FrontierML: Machine Learning with Real-World Data

An interactive Jupyter Book that teaches machine learning concepts through hands-on implementation with real-world data collection and analysis.

Overview

This comprehensive book provides an in-depth introduction to 22 essential machine learning and AI algorithms, combining theoretical understanding with practical implementation.
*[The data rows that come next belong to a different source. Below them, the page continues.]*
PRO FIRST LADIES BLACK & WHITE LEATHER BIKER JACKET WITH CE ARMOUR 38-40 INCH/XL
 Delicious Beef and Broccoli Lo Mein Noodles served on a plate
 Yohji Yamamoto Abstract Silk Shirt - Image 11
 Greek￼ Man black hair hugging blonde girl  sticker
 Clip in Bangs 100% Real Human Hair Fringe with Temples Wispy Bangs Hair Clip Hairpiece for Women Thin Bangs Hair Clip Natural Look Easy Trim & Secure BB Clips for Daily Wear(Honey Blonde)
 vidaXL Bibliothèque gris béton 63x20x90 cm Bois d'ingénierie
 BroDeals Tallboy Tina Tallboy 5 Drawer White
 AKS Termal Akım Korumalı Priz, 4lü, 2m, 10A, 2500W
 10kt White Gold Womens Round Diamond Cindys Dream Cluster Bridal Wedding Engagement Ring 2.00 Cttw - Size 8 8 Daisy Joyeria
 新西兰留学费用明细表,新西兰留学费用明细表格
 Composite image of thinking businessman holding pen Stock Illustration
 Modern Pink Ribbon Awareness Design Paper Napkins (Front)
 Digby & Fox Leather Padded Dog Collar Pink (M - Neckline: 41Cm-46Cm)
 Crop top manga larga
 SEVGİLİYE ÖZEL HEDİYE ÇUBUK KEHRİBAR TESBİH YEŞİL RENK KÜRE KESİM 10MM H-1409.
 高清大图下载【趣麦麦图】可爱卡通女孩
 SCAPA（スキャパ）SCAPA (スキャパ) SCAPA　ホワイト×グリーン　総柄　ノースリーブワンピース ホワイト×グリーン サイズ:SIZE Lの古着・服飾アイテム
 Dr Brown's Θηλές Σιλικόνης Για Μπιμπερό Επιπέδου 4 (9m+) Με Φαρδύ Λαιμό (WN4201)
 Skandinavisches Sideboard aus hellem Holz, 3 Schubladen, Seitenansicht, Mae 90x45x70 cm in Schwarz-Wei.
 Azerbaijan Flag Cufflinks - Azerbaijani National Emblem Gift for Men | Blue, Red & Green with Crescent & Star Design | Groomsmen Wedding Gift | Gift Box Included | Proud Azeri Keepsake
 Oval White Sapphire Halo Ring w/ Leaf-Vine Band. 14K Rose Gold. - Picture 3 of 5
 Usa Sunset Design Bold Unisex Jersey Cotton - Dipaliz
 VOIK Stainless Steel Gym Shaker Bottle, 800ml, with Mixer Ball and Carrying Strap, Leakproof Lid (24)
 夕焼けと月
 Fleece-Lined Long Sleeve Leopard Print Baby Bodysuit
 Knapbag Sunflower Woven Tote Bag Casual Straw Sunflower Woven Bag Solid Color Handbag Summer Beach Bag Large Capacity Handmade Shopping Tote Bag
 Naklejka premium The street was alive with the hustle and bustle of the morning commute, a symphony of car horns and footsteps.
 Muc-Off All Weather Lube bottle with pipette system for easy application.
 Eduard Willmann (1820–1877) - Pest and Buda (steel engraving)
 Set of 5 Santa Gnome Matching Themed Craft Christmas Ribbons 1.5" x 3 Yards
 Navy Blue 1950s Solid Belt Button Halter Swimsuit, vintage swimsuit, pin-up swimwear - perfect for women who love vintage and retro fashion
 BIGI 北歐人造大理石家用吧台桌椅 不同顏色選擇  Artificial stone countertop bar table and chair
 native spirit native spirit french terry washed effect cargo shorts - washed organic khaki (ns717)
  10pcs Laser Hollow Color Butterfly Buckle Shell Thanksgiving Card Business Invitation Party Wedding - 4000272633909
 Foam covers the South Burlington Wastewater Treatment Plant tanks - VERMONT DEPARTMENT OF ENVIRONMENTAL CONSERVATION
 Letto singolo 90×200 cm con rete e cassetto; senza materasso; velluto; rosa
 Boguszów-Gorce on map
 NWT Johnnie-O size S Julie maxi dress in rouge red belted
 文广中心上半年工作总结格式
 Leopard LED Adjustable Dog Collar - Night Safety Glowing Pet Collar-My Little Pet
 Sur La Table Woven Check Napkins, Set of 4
What sets this book apart is its emphasis on:

Real-world data collection through ethical web scraping and APIs
Step-by-step mathematical explanations with proper citations
Interactive code examples that you can run and modify
Comprehensive visualizations to understand algorithm behavior
Best practices for reproducible data science workflows
Complete coverage from basic regression to deep learning

Course Coverage

Supervised Learning (13 chapters)

Linear & Logistic Regression
Decision Trees & Random Forest
Support Vector Machines
Neural Networks & Deep Learning
Naive Bayes & K-Nearest Neighbors
Boosting Methods (AdaBoost, Gradient Boosting)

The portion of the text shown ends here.